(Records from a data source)

== Segment start ==

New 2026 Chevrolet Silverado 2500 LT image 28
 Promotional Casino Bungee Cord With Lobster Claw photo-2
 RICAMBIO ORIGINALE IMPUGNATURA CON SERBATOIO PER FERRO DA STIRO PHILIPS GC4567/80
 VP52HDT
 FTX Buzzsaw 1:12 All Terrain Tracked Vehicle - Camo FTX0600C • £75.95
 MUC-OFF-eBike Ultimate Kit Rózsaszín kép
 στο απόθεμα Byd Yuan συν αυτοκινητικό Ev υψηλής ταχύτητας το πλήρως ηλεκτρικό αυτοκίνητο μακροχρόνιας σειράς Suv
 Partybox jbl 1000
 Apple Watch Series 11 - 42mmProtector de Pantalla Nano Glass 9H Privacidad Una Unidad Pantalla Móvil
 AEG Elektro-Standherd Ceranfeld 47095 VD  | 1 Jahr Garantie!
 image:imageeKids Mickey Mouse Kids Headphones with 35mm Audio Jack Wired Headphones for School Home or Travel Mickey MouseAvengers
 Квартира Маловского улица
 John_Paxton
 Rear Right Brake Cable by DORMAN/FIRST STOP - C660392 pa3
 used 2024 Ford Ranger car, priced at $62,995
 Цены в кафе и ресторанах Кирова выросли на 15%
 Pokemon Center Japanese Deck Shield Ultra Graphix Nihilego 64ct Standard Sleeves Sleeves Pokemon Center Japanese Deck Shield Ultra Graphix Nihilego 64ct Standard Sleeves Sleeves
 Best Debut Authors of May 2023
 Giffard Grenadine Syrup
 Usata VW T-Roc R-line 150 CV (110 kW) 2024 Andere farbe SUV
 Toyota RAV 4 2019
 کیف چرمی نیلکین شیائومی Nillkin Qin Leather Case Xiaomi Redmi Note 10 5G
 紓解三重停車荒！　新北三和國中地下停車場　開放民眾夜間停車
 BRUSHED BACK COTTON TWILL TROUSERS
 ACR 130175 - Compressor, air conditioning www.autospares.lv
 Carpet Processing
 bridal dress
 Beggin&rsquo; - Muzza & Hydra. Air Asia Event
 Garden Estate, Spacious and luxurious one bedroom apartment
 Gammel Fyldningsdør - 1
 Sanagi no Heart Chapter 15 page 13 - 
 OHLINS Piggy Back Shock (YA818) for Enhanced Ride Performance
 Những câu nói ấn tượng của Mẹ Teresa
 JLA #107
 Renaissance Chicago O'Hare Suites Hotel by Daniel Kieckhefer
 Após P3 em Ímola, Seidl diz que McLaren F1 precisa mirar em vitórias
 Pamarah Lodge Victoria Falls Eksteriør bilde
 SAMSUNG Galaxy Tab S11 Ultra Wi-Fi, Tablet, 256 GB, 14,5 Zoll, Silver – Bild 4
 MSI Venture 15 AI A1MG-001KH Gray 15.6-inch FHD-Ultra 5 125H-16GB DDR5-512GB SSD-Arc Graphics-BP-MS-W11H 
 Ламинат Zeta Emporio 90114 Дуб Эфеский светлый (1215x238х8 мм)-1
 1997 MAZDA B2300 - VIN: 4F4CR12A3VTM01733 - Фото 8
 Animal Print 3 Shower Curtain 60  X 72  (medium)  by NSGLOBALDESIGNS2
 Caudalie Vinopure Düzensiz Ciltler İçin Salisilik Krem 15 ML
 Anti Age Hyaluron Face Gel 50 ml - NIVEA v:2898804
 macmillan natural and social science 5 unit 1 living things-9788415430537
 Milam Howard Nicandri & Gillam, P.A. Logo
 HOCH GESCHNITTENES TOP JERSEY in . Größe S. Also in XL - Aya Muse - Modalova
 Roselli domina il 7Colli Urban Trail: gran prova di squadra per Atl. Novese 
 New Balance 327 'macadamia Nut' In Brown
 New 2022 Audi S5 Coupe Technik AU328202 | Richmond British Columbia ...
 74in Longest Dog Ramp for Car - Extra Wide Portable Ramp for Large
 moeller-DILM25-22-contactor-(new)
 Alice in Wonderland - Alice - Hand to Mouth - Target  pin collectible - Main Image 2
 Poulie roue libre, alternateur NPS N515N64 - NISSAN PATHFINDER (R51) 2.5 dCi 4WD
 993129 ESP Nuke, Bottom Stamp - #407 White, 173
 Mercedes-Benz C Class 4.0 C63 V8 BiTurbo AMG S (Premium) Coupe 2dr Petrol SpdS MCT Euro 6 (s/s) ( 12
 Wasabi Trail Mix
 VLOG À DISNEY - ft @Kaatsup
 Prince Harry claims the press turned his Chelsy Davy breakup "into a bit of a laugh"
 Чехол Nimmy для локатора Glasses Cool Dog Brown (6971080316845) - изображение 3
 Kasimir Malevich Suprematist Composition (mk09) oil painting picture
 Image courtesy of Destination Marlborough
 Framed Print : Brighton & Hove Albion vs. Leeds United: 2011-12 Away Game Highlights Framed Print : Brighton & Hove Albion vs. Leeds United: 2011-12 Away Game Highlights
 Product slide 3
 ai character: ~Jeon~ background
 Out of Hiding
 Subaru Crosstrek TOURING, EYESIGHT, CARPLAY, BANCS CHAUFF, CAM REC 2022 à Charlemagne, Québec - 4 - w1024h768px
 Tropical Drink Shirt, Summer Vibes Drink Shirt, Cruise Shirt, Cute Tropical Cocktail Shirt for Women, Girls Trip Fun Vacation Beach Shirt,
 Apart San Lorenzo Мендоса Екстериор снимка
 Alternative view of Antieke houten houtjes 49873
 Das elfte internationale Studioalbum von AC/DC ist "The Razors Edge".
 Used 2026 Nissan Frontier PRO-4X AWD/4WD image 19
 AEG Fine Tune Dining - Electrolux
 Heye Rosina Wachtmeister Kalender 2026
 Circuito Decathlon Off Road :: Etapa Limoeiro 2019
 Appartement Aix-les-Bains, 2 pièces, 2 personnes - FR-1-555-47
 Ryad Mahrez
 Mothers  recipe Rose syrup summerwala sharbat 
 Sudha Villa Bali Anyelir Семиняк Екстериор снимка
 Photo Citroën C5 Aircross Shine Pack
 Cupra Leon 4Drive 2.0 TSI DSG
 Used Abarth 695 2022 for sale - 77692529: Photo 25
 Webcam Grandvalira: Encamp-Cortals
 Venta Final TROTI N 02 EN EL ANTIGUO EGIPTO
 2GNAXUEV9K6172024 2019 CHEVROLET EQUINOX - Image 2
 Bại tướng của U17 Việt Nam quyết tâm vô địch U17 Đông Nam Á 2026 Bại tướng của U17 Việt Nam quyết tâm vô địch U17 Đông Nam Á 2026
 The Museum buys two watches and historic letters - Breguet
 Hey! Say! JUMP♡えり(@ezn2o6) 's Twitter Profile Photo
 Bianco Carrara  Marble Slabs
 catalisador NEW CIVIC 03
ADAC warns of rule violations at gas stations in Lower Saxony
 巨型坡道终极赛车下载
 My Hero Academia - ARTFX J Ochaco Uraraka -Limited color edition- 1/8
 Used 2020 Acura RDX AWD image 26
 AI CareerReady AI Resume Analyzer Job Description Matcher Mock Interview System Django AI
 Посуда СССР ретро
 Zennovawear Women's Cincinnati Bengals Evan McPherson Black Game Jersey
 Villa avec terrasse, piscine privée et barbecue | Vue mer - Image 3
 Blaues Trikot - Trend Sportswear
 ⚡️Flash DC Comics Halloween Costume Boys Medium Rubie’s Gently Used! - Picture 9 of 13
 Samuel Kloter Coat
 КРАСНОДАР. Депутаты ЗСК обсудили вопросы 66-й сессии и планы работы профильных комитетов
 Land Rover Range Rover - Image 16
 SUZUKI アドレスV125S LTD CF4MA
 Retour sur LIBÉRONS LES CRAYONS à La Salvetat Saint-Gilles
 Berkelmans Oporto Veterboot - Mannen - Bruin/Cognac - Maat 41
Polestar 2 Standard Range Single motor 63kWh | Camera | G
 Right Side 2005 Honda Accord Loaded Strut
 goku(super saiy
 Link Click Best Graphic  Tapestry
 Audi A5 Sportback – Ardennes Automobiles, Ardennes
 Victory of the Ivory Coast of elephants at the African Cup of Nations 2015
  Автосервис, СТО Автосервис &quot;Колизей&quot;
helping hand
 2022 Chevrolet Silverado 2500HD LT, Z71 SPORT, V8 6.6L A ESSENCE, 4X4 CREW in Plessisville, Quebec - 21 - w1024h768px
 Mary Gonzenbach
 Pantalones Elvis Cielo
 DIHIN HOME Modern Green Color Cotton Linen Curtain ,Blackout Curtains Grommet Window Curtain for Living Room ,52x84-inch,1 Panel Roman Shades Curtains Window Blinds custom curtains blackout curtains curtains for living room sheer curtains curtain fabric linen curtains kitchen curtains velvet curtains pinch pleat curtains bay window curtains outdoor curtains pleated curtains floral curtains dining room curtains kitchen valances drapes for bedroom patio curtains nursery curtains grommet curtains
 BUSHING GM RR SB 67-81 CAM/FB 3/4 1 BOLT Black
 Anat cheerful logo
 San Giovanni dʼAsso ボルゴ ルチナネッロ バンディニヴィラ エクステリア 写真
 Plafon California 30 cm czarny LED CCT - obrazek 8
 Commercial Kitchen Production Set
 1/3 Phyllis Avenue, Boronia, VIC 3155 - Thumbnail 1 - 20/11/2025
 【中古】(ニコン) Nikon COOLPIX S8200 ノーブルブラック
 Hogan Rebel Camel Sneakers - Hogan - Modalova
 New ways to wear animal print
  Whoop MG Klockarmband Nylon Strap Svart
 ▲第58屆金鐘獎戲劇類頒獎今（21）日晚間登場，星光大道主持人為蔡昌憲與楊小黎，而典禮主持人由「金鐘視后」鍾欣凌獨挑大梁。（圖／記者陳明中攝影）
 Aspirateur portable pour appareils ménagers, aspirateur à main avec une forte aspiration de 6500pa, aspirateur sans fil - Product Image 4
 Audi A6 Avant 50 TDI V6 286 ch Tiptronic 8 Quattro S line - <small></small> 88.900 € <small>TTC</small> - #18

== Segment end ==

__What to work on__. Only the lines from the first line of the records through the line with "Após P3 em Ímola, Seidl" should be reproduced, exactly and with nothing added.

__Task output__.
New 2026 Chevrolet Silverado 2500 LT image 28
 Promotional Casino Bungee Cord With Lobster Claw photo-2
 RICAMBIO ORIGINALE IMPUGNATURA CON SERBATOIO PER FERRO DA STIRO PHILIPS GC4567/80
 VP52HDT
 FTX Buzzsaw 1:12 All Terrain Tracked Vehicle - Camo FTX0600C • £75.95
 MUC-OFF-eBike Ultimate Kit Rózsaszín kép
 στο απόθεμα Byd Yuan συν αυτοκινητικό Ev υψηλής ταχύτητας το πλήρως ηλεκτρικό αυτοκίνητο μακροχρόνιας σειράς Suv
 Partybox jbl 1000
 Apple Watch Series 11 - 42mmProtector de Pantalla Nano Glass 9H Privacidad Una Unidad Pantalla Móvil
 AEG Elektro-Standherd Ceranfeld 47095 VD  | 1 Jahr Garantie!
 image:imageeKids Mickey Mouse Kids Headphones with 35mm Audio Jack Wired Headphones for School Home or Travel Mickey MouseAvengers
 Квартира Маловского улица
 John_Paxton
 Rear Right Brake Cable by DORMAN/FIRST STOP - C660392 pa3
 used 2024 Ford Ranger car, priced at $62,995
 Цены в кафе и ресторанах Кирова выросли на 15%
 Pokemon Center Japanese Deck Shield Ultra Graphix Nihilego 64ct Standard Sleeves Sleeves Pokemon Center Japanese Deck Shield Ultra Graphix Nihilego 64ct Standard Sleeves Sleeves
 Best Debut Authors of May 2023
 Giffard Grenadine Syrup
 Usata VW T-Roc R-line 150 CV (110 kW) 2024 Andere farbe SUV
 Toyota RAV 4 2019
 کیف چرمی نیلکین شیائومی Nillkin Qin Leather Case Xiaomi Redmi Note 10 5G
 紓解三重停車荒！　新北三和國中地下停車場　開放民眾夜間停車
 BRUSHED BACK COTTON TWILL TROUSERS
 ACR 130175 - Compressor, air conditioning www.autospares.lv
 Carpet Processing
 bridal dress
 Beggin&rsquo; - Muzza & Hydra. Air Asia Event
 Garden Estate, Spacious and luxurious one bedroom apartment
 Gammel Fyldningsdør - 1
 Sanagi no Heart Chapter 15 page 13 - 
 OHLINS Piggy Back Shock (YA818) for Enhanced Ride Performance
 Những câu nói ấn tượng của Mẹ Teresa
 JLA #107
 Renaissance Chicago O'Hare Suites Hotel by Daniel Kieckhefer
 Após P3 em Ímola, Seidl diz que McLaren F1 precisa mirar em vitórias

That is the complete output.